The resulting position


[14] In the result I gave my mind to the remaining grounds of appeal urged viz; grounds 1 to 5 and 7.


[15] Taking them seriatim, the first ground is a complaint that the ERC in its judgment had misinterpreted Section 47 (1) (b) of the Employment Act.


[16] The second is the lament that, the Learned Judge had misinterpreted Section 37 (1) of the “the Act”.


[17] The third alleged ground is that the Learned Judge erred in law and in fact in holding the Appellant to engage in collective bargaining negotiation which is contrary to Section 149 and 152 of “the Act”.


[18] The fourth ground is that the Learned Judge (ERC) had erred in holding that the Appellant had failed to comply with Section 44 (1) of “the Act” in the absence of any complaint by the employees or the labour officers.


Pausing at this point to reflect on the said grounds urged


[19] Although I have not expressly referred to the impugned judgment of “the ER Court”, the basis of it which stood discernible to me in the light of the grounds of appeal urged, I was unable to say that “the Court” had misinterpreted the statutory provisions urged in ground 1 and 2 for which reason I reject the said grounds.


[20] However, I felt persuaded by (Mr.) Nair’s submissions on the aforesaid grounds 3 and 4, in which regard I gave my mind to the Appellant’s initial written submissions dated 30th November, 2022 followed by his further submissions dated 24th April, 2023 and the oral submissions made by him at the hearing before me taken in the light of (Mr.) Singh’s oral submissions and the further written submissions dated 5th May, 2023, in the light of the factual material on record.


[21] In so far as ground 5 urged is concerned, I found that “the ER Court” had not given its mind to the issue complained therein.


Determination on the leave to appeal application


[22] In the result, while I am inclined to grant leave to appeal restricted to the grounds 3, 4, 5 and 7 urged, in addition thereto, I grant leave to appeal on the point urged on behalf of the Appellant that, whether the orders made by the ER Court amounted to further compliance orders (or incidental to the the initial compliance orders made by “the tribunal and affirmed by “ERC), the Appellant’s argument being that, if “they” were “further compliance orders,” whether the Appellant was bound by them.


Re: The Appellant’s application for “a stay order” and the Respondent’s objection thereto


[23] (Mr.) Nair for the Appellant contended that, the case was fixed for the 21st July, 2023 before the ERC (the High Court) of “the compliance orders” being complied with or not being in issue.
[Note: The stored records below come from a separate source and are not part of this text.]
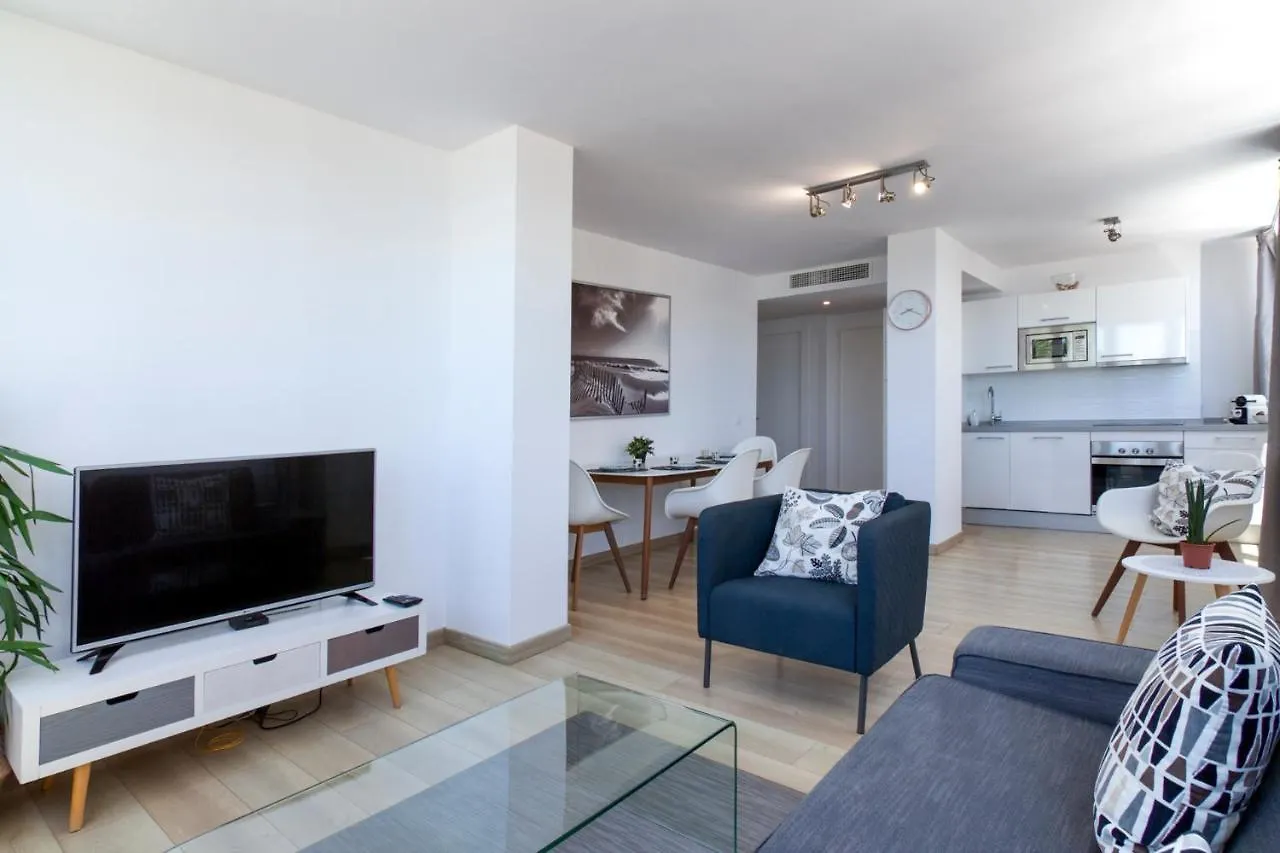 Marbella Beach And Sea View Apartment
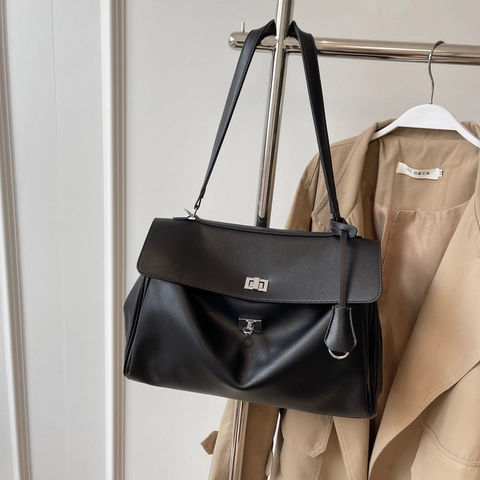 Minimalist Large Capacity PU Leather Handbag Women Shoulder Tote Bag With Silver Turn Lock For Daily Commuter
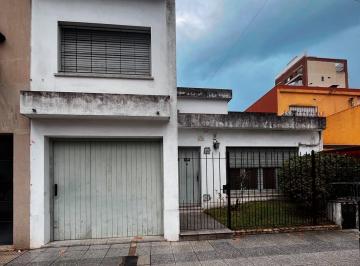 Casa · 110m² · 3 Ambientes · 1 Cochera · Casa Chalet en Venta en Quilmes, G. B. a. Zona Sur, Argentina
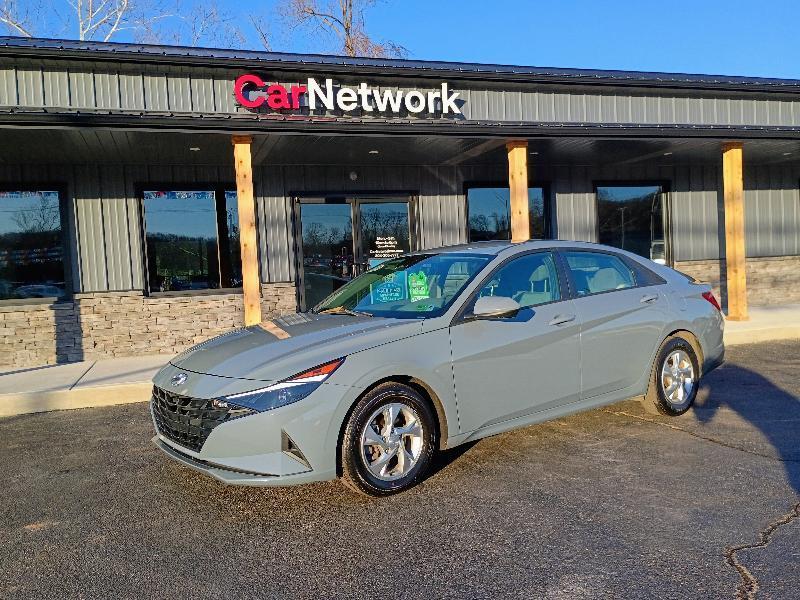 Hyundai Elantra SE 2022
[24] (Mr.) R.A. Singh in counter objected to “any kind of stay order” Learned Counsel contended and asked “how could a stay order be helpful to the Appellant? What prejudice could result to the Appellant?”


Determination thereon


[25] In my determination on the application for leave to appeal the judgment of the “ER Court”, I have granted leave on whatever limited grounds as articulated above.


[26] On 21st July, 2023, when the case is scheduled to be “taken-up” before the Court, the only issue to be considered would be “the compliance orders” against which this Court has granted leave to appeal.


[27] Yet, in the absence of “a stay order”, the Appellant would stand exposed to and liable for consequences for not complying with the said “compliance orders”.


[28] Accordingly, while granting leave to appeal the ER Court’s Judgment on the grounds allowed as articulated above in this decision, I have no hesitation in granting “a stay order” to make any further orders pending the hearing and determination of the appeal before the Full Court.


Conclusion


[29] On the basis of the foregoing reasons I proceed to make the following orders.


Orders of Court:


  1. Leave to appeal against the impugned judgment of the Employment Relations Court is allowed on the grounds as articulated in paragraph [22] of this decision.
  2. A stay of further proceedings in the ERC (the High Court) is granted for the reasons adduced in paragraphs (26) to (28) of this decision, pending the hearing and determination of the Appeal by the Full Court for which leave to appeal has been granted in terms of order 1 above.
  3. The Registrar is prevailed upon to communicate this decision expeditiously to the “ER Court”, in any event before the 21st July, 2023.
  4. I make no order as to costs for the purposes of this application and the same shall await the determination by the Full Court in Appeal.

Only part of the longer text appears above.